*** Opening of Information provided ***

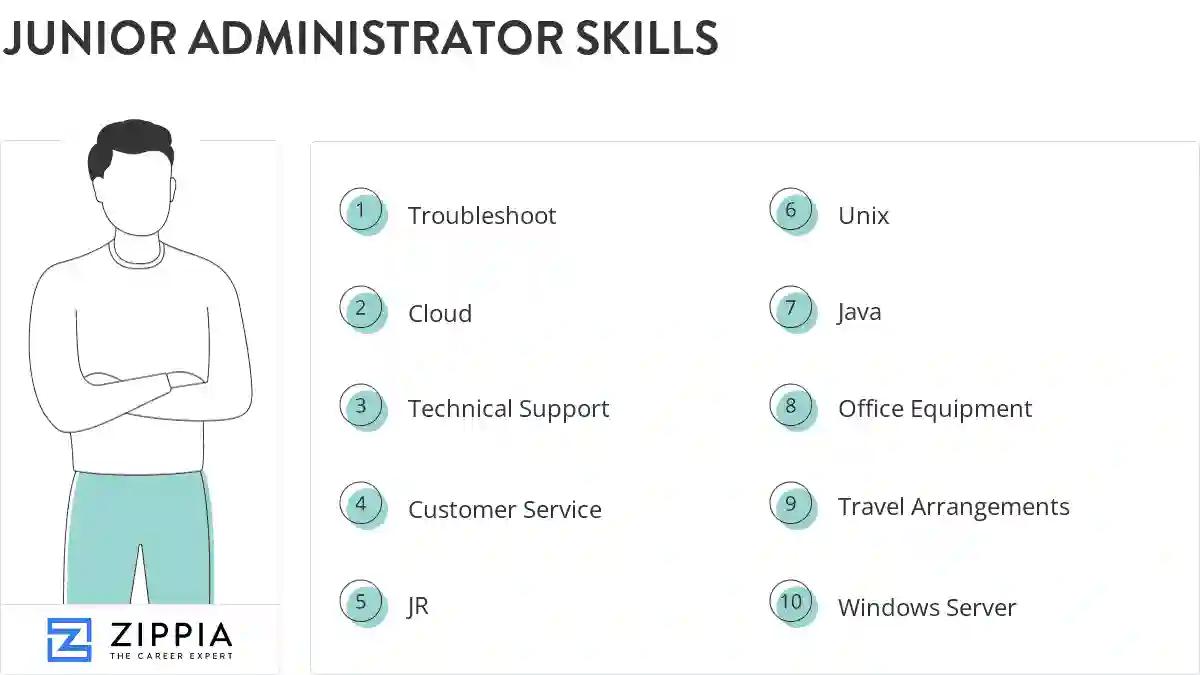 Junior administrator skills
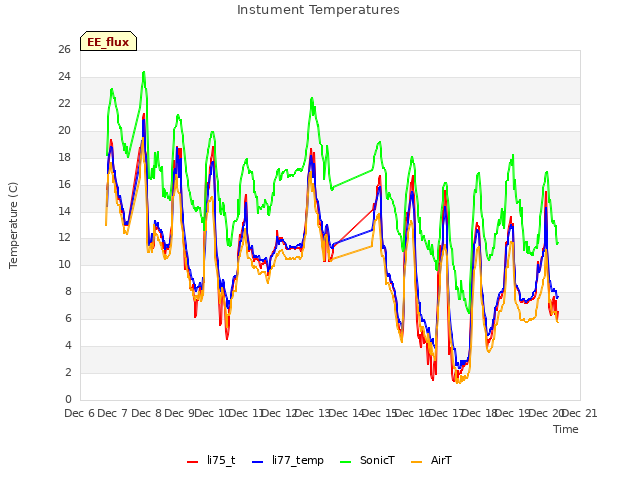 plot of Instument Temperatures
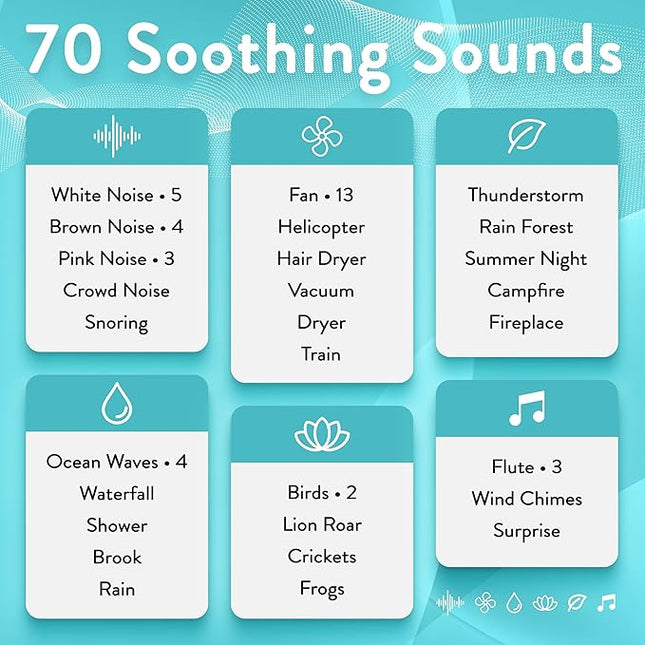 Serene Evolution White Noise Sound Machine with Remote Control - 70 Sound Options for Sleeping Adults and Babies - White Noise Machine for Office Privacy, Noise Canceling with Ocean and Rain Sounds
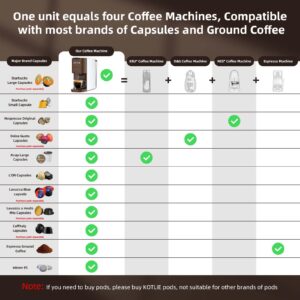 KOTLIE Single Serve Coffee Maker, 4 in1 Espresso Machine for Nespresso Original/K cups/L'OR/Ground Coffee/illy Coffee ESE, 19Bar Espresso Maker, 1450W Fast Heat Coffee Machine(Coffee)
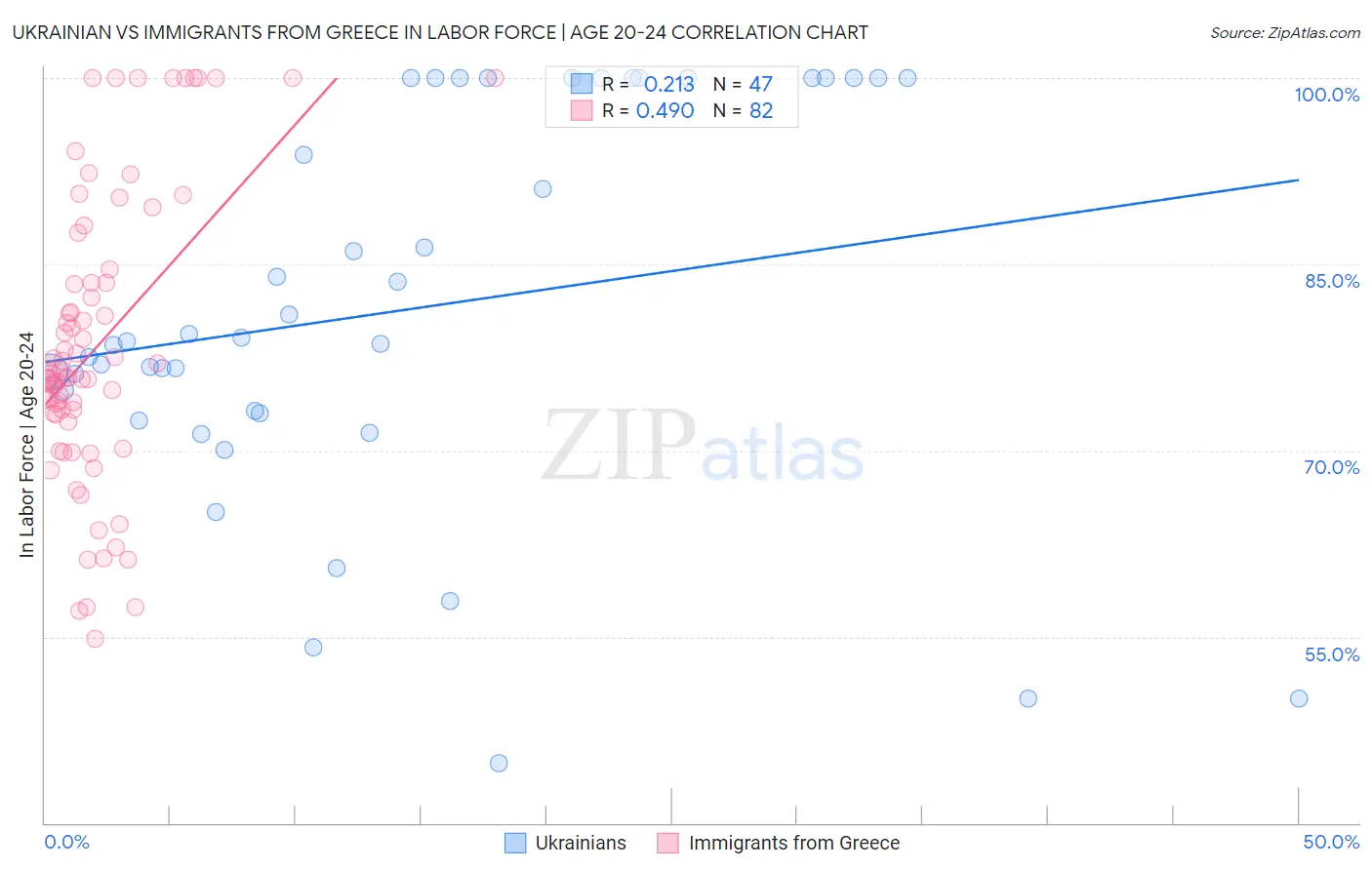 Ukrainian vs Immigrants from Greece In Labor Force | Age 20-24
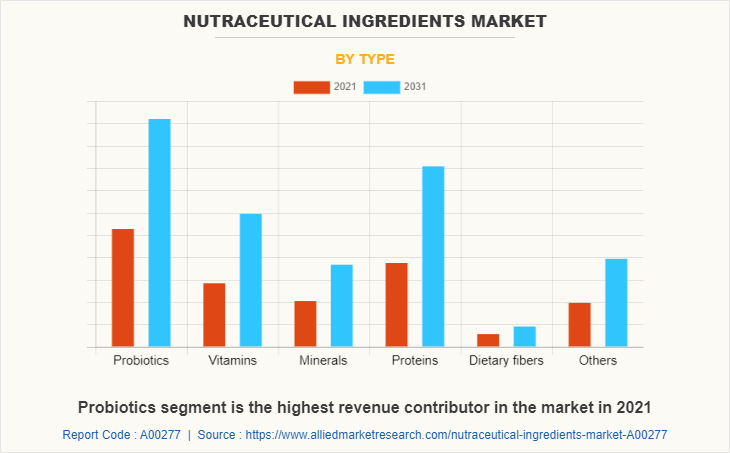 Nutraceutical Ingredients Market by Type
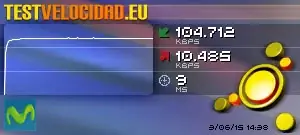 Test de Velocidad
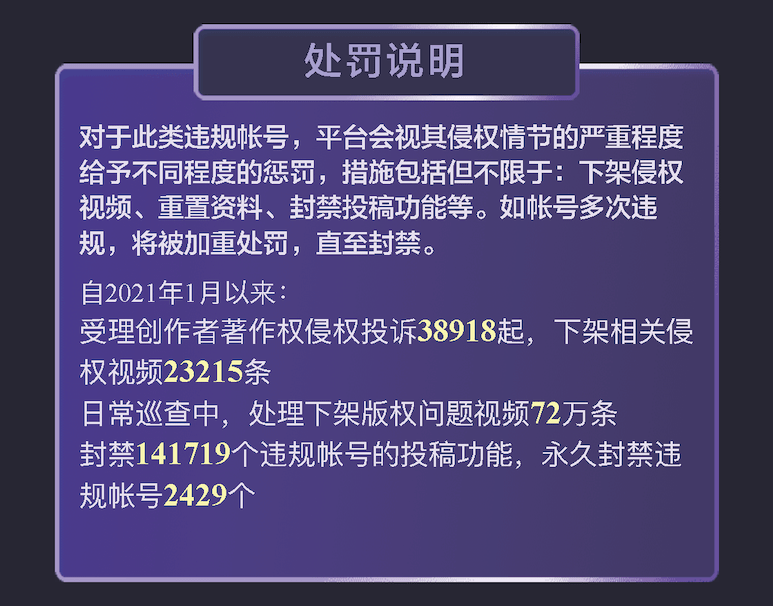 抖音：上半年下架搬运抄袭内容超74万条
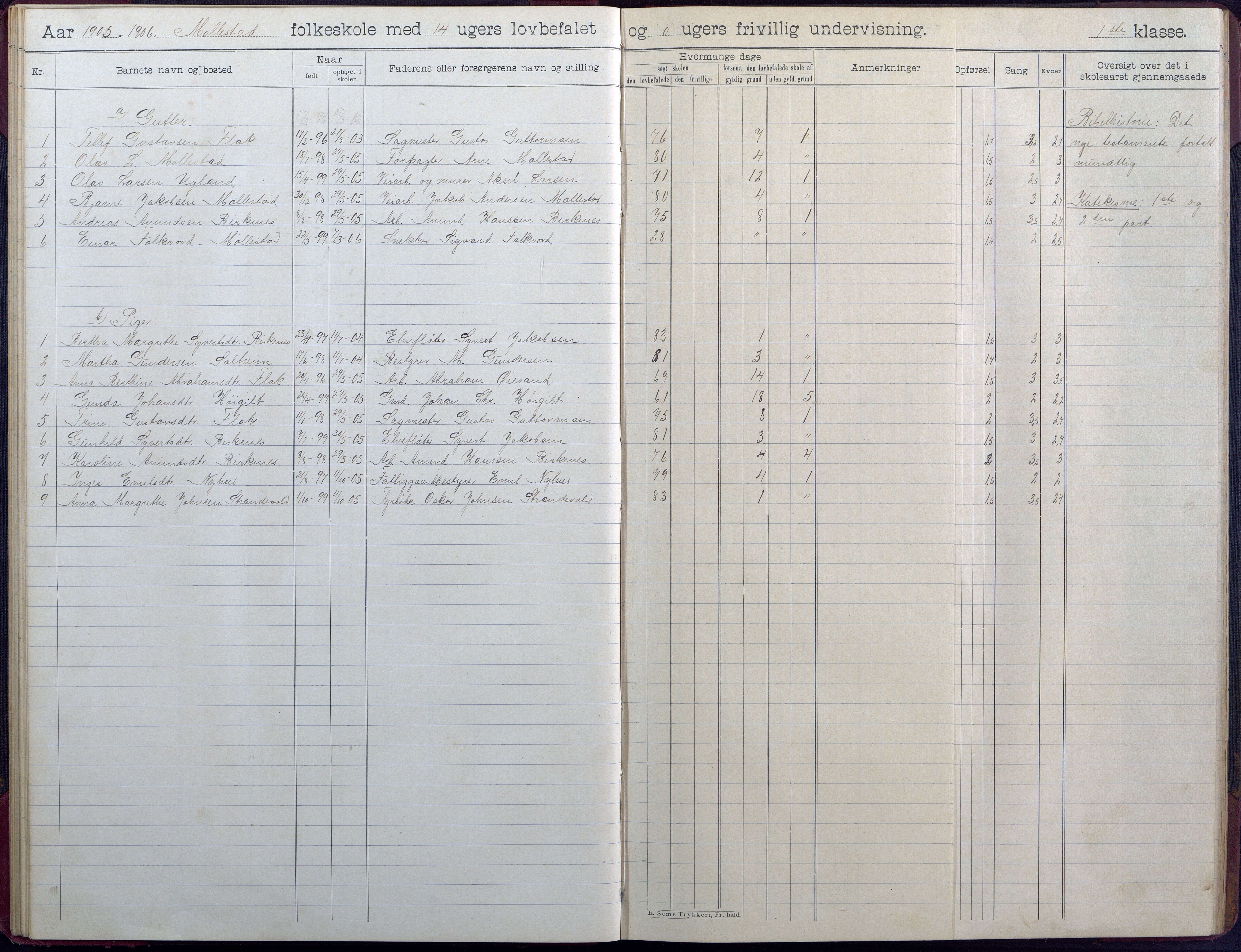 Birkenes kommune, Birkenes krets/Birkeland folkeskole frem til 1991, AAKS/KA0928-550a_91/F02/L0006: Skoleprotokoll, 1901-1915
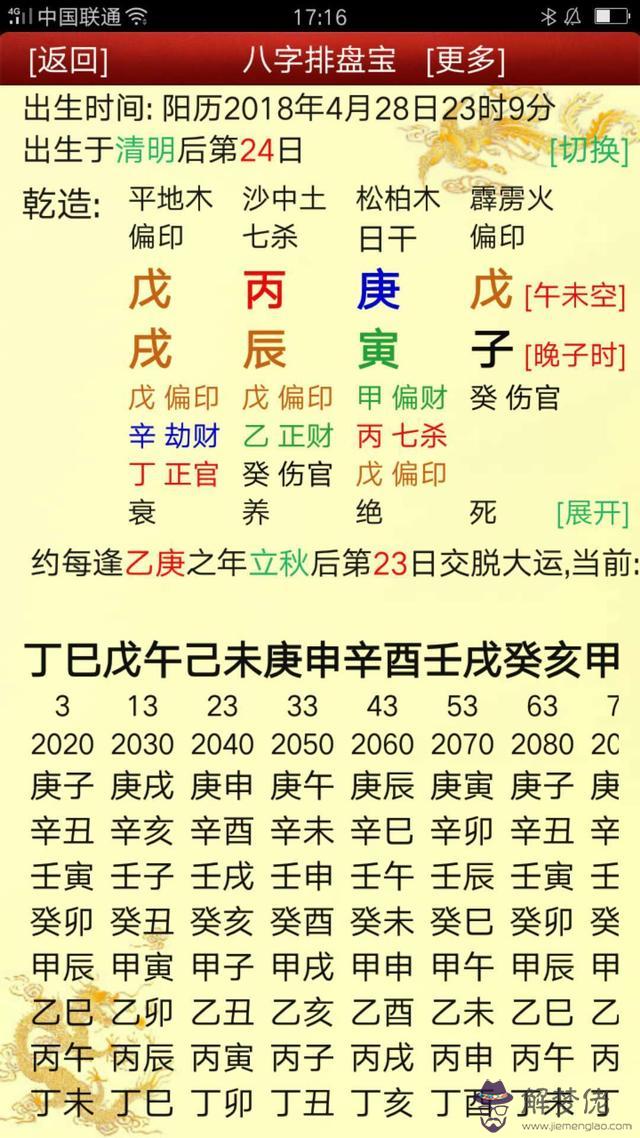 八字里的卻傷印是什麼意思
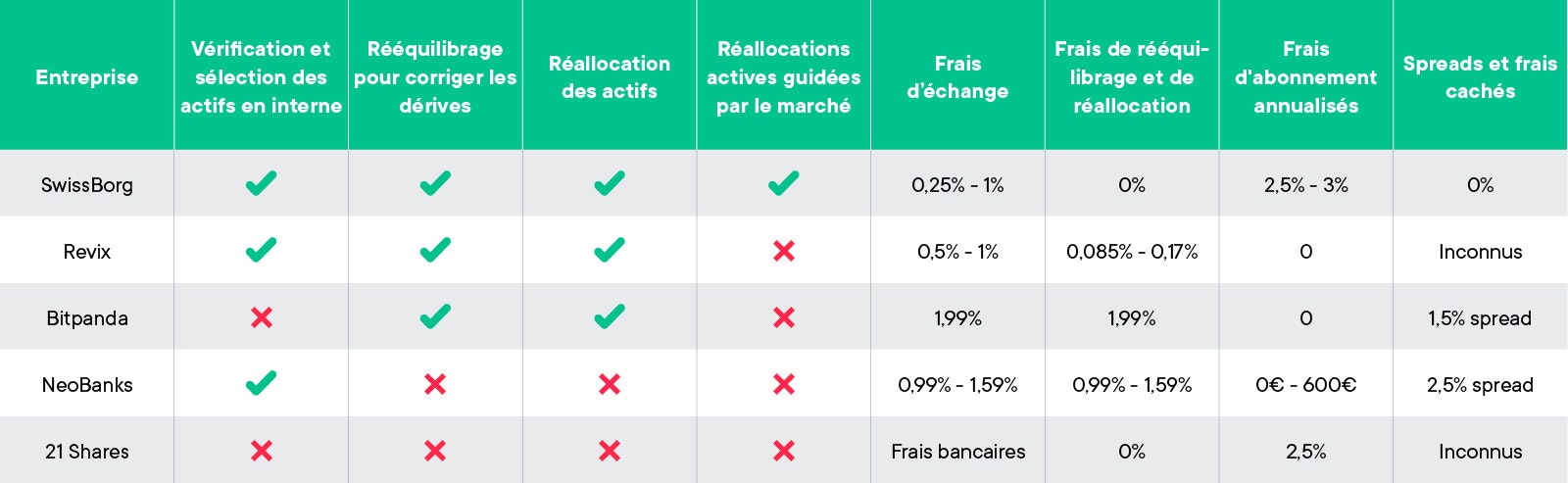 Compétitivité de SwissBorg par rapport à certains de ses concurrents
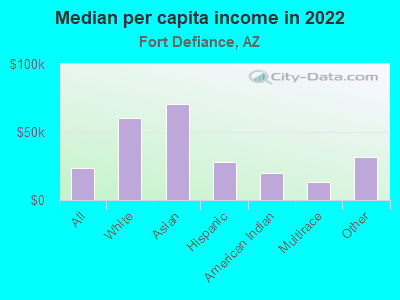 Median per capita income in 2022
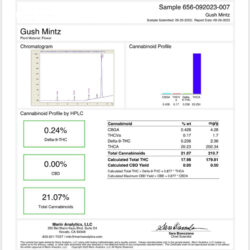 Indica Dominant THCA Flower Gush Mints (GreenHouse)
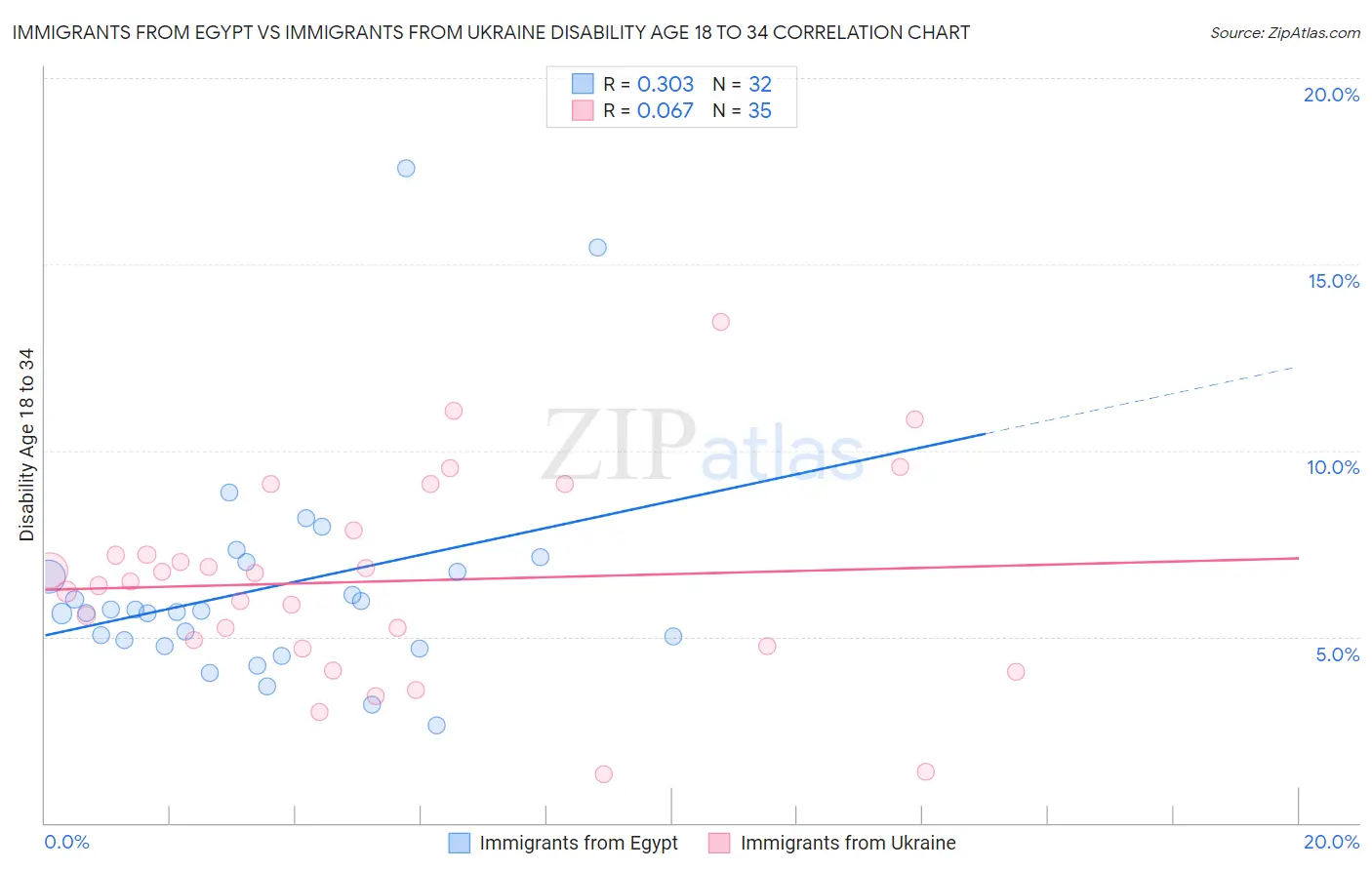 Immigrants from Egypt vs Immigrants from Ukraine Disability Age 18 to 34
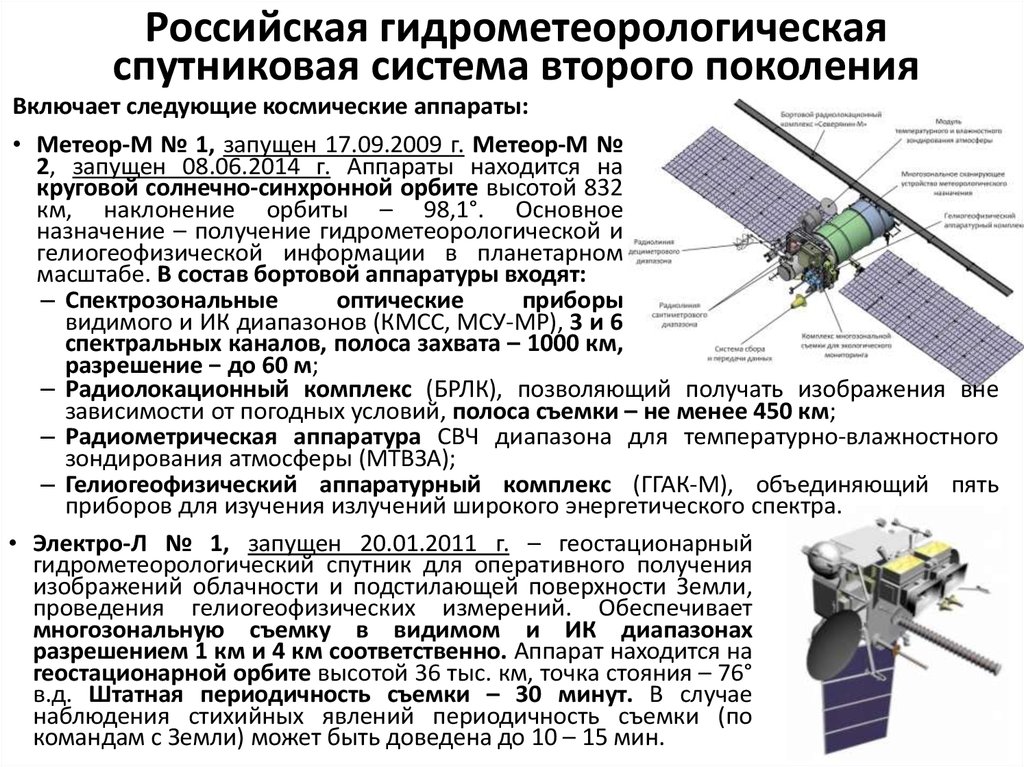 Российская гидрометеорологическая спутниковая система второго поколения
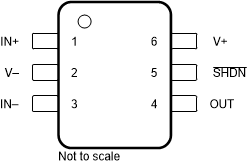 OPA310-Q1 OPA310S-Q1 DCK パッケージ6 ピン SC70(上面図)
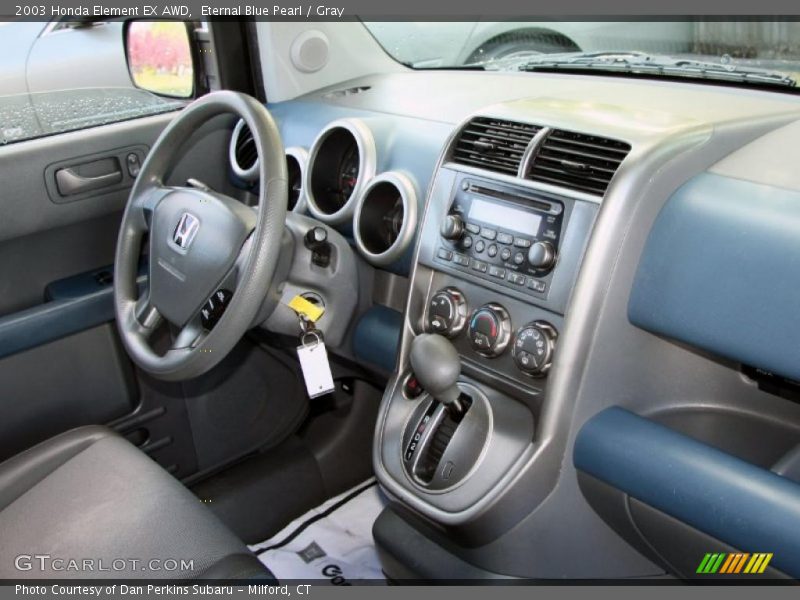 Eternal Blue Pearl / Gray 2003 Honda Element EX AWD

*** Close of Information provided ***

Prompt
Print only the lines running from the line that contains "Indica Dominant THCA" to the final line of the listing, both included. Omit every picture.

Answer to the problem
 Indica Dominant THCA Flower Gush Mints (GreenHouse)
 Immigrants from Egypt vs Immigrants from Ukraine Disability Age 18 to 34
 Российская гидрометеорологическая спутниковая система второго поколения
 OPA310-Q1 OPA310S-Q1 DCK パッケージ6 ピン SC70(上面図)
 Eternal Blue Pearl / Gray 2003 Honda Element EX AWD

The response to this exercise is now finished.